Friday, November 6, 2009

Texting as a Health Tool for Teenagers - NYTimes.com

Gina (not her real name) had been born with a defect in her liver, with ducts so damaged and narrow that the bile could not drain. In the first year of her life, she underwent two urgent operations. The first was an unsuccessful effort to convert a loop of intestine into a drainage system for her bile; the second was a lifesaving liver transplant.

Other than a single episode of rejection a few months later, Gina's new liver worked perfectly. Her visits to the hospital were limited to an annual clinic visit; as the years passed, she became a stunning example of pediatric transplantation's success.

Then Gina turned 14. Like other young patients I had cared for, she began having problems with her transplant as soon as she hit adolescence. She missed appointments, forgot to get her blood drawn and had sharp fluctuations in the blood levels of her immunosuppressive medications, a sign that she was not consistently taking her drugs. Her liver function tests began to deteriorate, and despite efforts by her doctors, nurses, social workers and family members, shortly before her 16th birthday, she would be in desperate need of a new liver.

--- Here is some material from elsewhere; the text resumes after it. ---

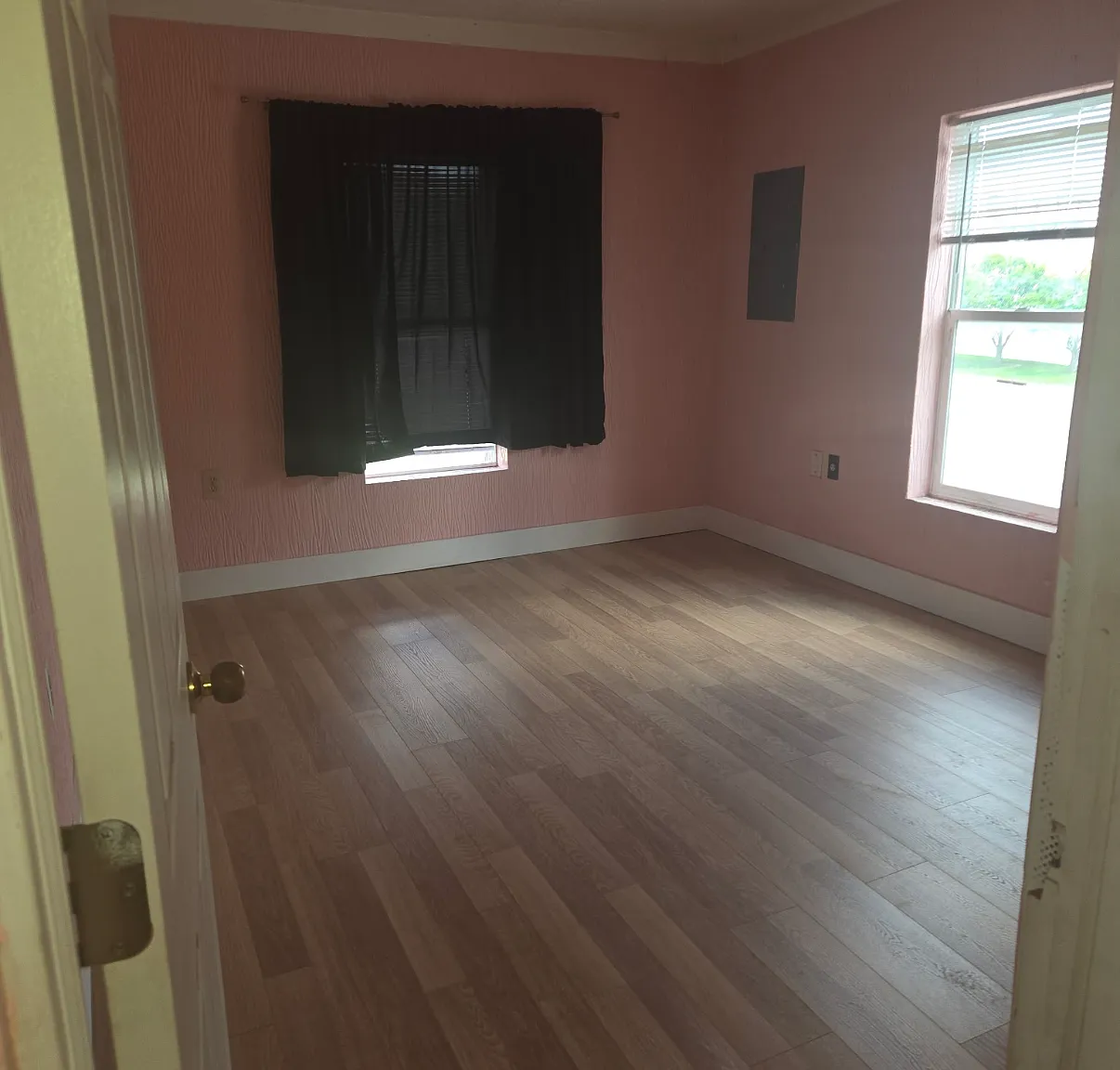 1 bed, 800 sqft, $650 — Photo 1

I remember visiting Gina one afternoon, then speaking to her longtime liver doctor. "It's such a pity," the doctor said, shaking her head. "She's no different than every other teenager, except that her youthful indiscretions are a matter of life or death."

Nonadherence, or the failure to follow medical advice, is the most important cause of organ rejection in long-term transplant survivors. Indeed, it is a leading reason for poor outcomes in all chronic medical conditions. But teenagers are at particularly high risk. Studies have shown that more than half of all teenage liver transplant recipients are nonadherent, and they are four times more likely than adult patients to take their medications at the wrong time or to forget to take them.

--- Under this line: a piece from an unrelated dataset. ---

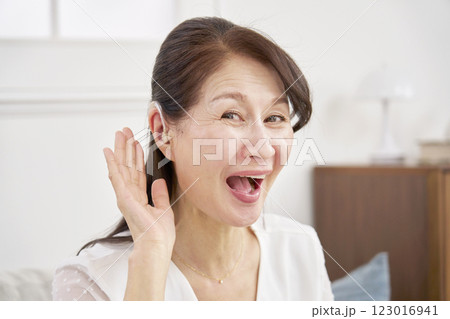 補聴器を付けたシニア女性　リビング 123016941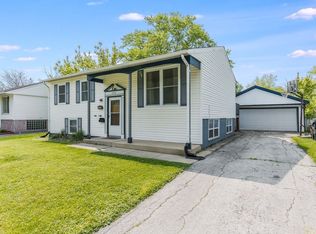 220 E Maple Dr, Glenwood, IL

For years, health care professionals in transplantation and other medical fields have struggled to address adolescent nonadherence, with little success. Many of the interventions proposed to help this age group have been cumbersome at best and awkward and potentially demeaning at worst. One potential solution, for example, has a clinician first identifying teenage patients who have been nonadherent, then increasing the frequency of their clinic visits and lecturing them about the importance of taking medications.

It is not hard to see why a teenager might not respond.

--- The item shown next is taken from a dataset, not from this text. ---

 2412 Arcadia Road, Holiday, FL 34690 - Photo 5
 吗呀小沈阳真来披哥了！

I recently thought about Gina and patients like her when a friend recounted a night out at the movies with his own teenage children. While he and his wife sobbed, his children sat in the theater unmoved. "They were doing this," my friend said, folding his hands in his lap and flapping his thumbs wildly while looking up and down between an imaginary movie screen and an invisible qwerty keyboard. "I started thinking I should text them the next time I want to get their attention."

My friend, it turns out, was on to something.

This past month in the journal Pediatrics, researchers at Mount Sinai Hospital in New York published the results of a study showing that text messaging could significantly improve the rate of adherence among young liver transplant patients. Using a program called CareSpeak, the researchers issued text messages to a group of 41 pediatric liver transplant patients. The text messages reminded the patients to take their medications, which ranged from one to three different pills once or twice a day.

Over the course of a year, investigators found that with text messaging, patients were more likely to take their medications than they had been before. Moreover, while 12 of the young people experienced rejection episodes in the previous year, only two did so during the study.

"Nonadherence can be a vicious circle, and it is difficult to penetrate this specific age group," said Dr. Tamir Miloh, assistant professor of pediatrics and surgery at Mount Sinai Hospital in New York and the lead author of the study. "Once the cycle starts, these children have to take many more toxic immunosuppressants, and that makes adherence even more difficult.